Stillwell - Não sei nada sobre o novo filme, exceto que
um escritor chamado John Logan escreveu um roteiro. Ouvi um
rumor de que os Romulanos podem estar envolvidos, o que achei
estranho depois que pediram que os tirássemos da história
original de "Insurrection".
TB - Você está desenvolvendo algo
agora que gostaria de comentar?
Stillwell - No ano passado Michael Piller e sua companhia
produziram um piloto de ficção científica chamado “Day One”,
que era baseado em uma minissérie britânica chamada “The
Last Train”. Ela seguia as aventuras de várias pessoas que
sobreviveram à cataclísmica destruição da Terra após o
impacto de um asteróide, mas estão congeladas no tempo e
acordam 70 anos no futuro.

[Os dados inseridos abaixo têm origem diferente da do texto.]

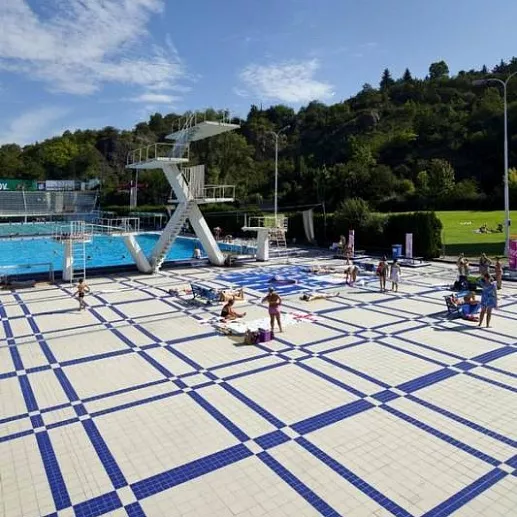 Rako Pool 10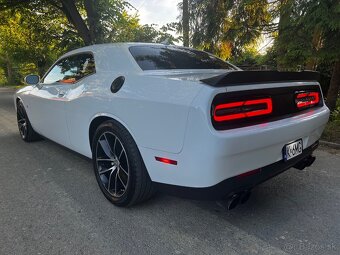Dodge Challenger 6.4 - 6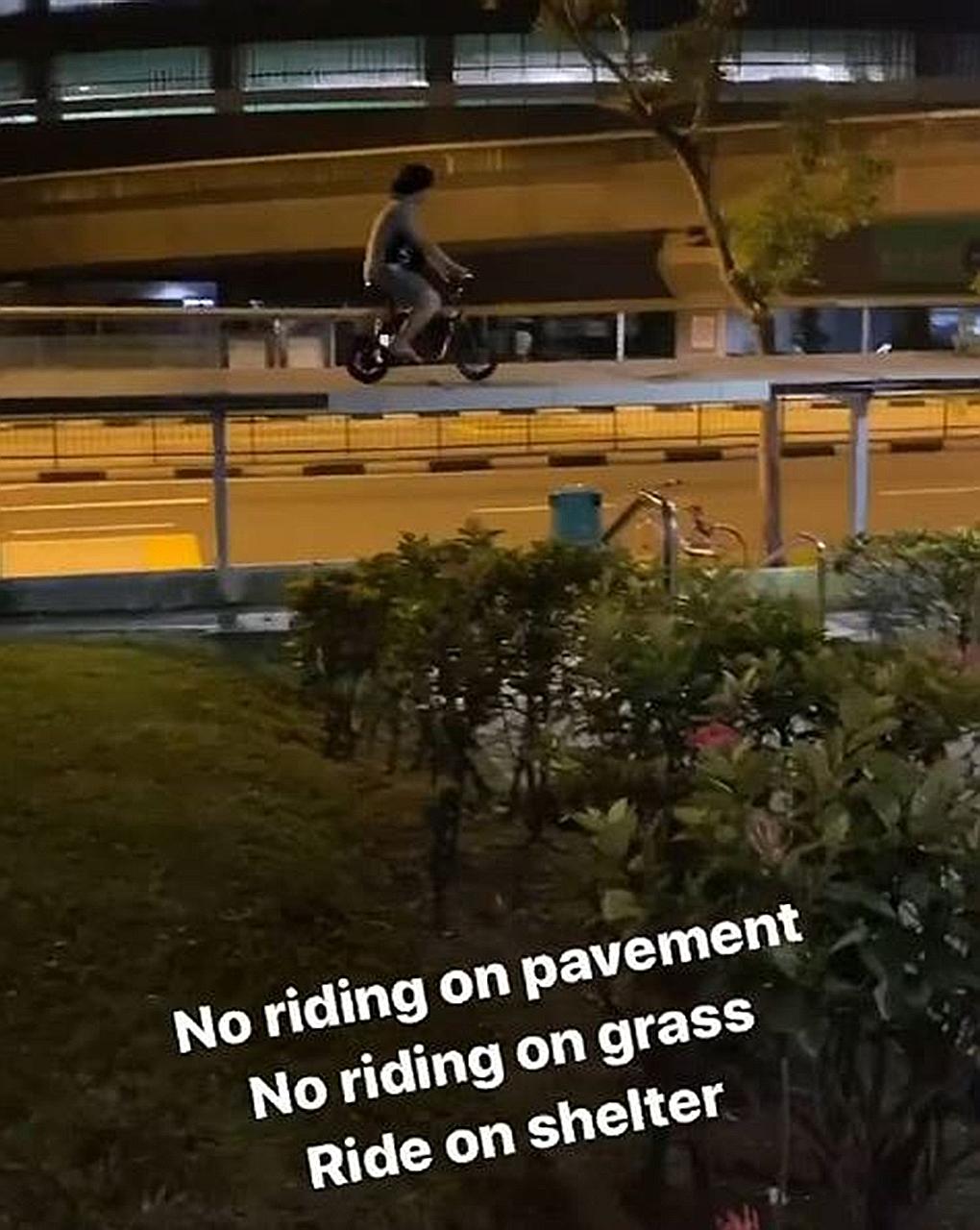 A video of a PMD user riding his device on top of a walkway shelter in Bukit Panjang has been circulating online.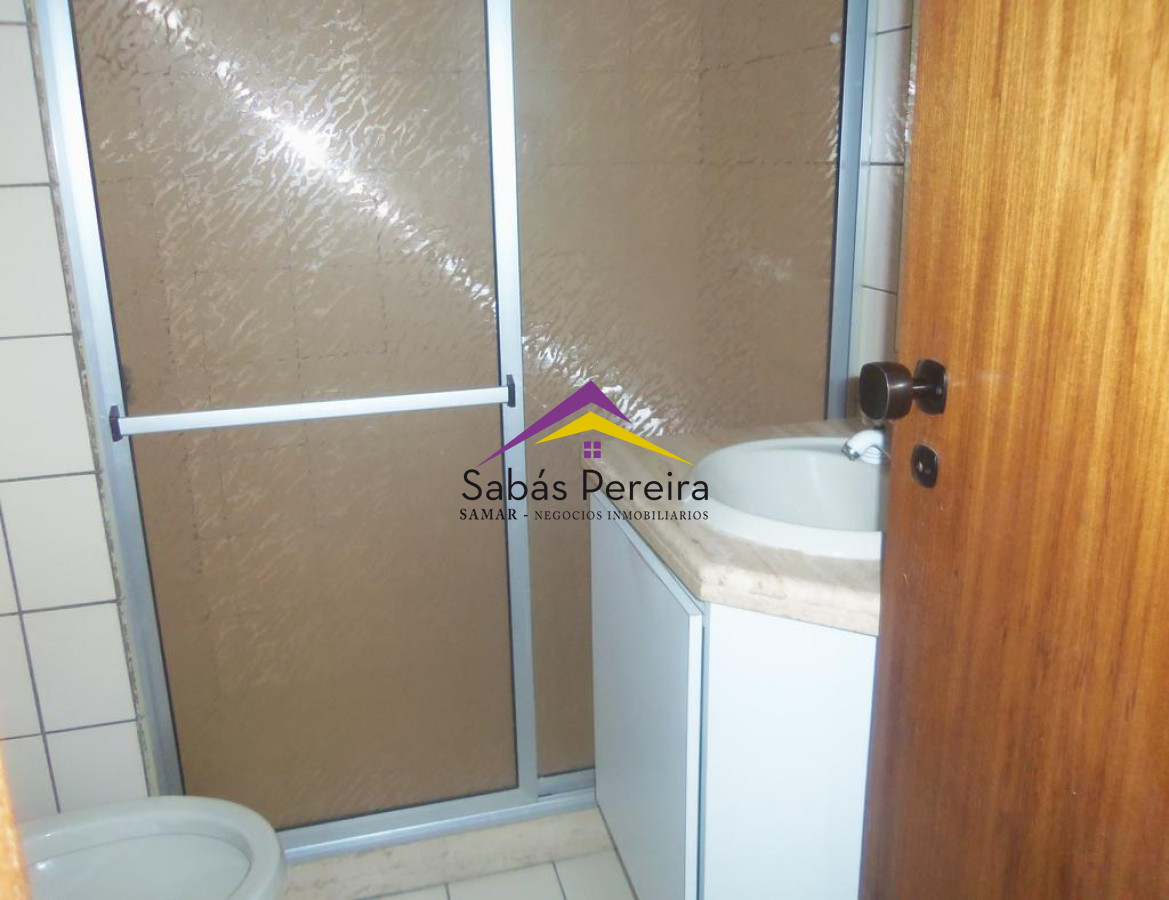 Apartamento ID.37566 - APARTAMENTO DE 2 DORMITORIOS VISTA A PLAYA MANSA EN ALQUILER TEMPORAL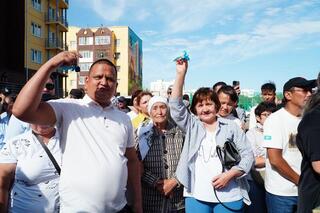 В Кокшетау 100 семей получили новые квартиры по программе реновации В Кокшетау 100 семей получили новые квартиры по программе реновации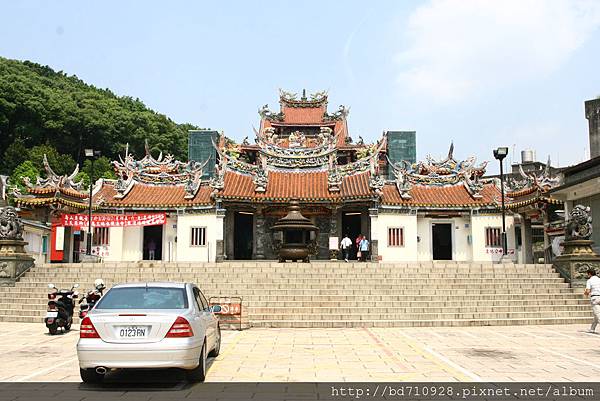 龜山壽山巖觀音寺廟貌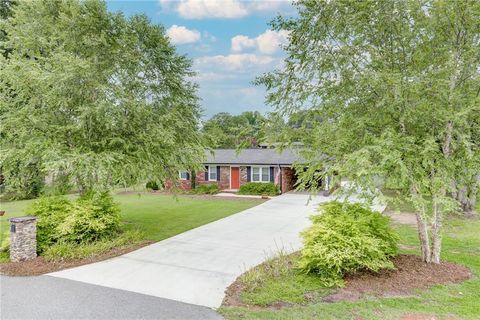 A home in Easley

Infelizmente a rede não encomendou a
série, então provavelmente nunca será feita. Este ano estamos
trabalhando em uma comédia de meia hora sobre fantasmas para a
rede da WB. E estamos também desenvolvendo uma série dramática
de uma hora para a UPN baseada em "The Dead Zone", de
Stephen King.
TB - Você gostaria de participar
de um evento de Jornada no Brasil?
Stillwell - Com certeza. Eu adoro encontrar fãs de Jornada
ao redor do mundo. No ano passado conheci vários fãs de um
clube de Jornada em Barcelona, Espanha. Fui convidado
para comparecer a uma convenção na Itália este ano. Minha
esposa e eu já estivemos em convenções no Reino Unido,
Alemanha, Canadá e Austrália. Cada ano viajamos com várias
centenas de fãs de Jornada no Cruise
Trek. Os fãs vêm de todos os cantos do mundo. Esse será
nosso sexto ano viajando com o Cruise Trek e gostamos de
encorajar outros fãs a se juntarem a nós. Sempre nos
divertimos bastante com maravilhosos atores de Jornada e
lugares exóticos.
Fileira de cima:
Debra Stillwell com os organizadores do Cruise Trek Charles
Datin e Linda Wolfe. Fileira de baixo: Eric
Stillwell, George Takei (Sulu), Jonathan del Arco ("I, Borg")
& Cecily Adams (Moogie, de DS9). A
foto foi tirada no Cruise Trek, no Canal do Panamá
TB - Alguma mensagem para os
trekkers brasileiros?
Stillwell - Felicidades e saudações de Los Angeles.
Minha esposa e eu esperamos que um dia possamos visitar seu país
e conhecê-los pessoalmente em uma convenção de Jornada!
Keep on trekkin’!
Entrevista realizada em janeiro de 2001.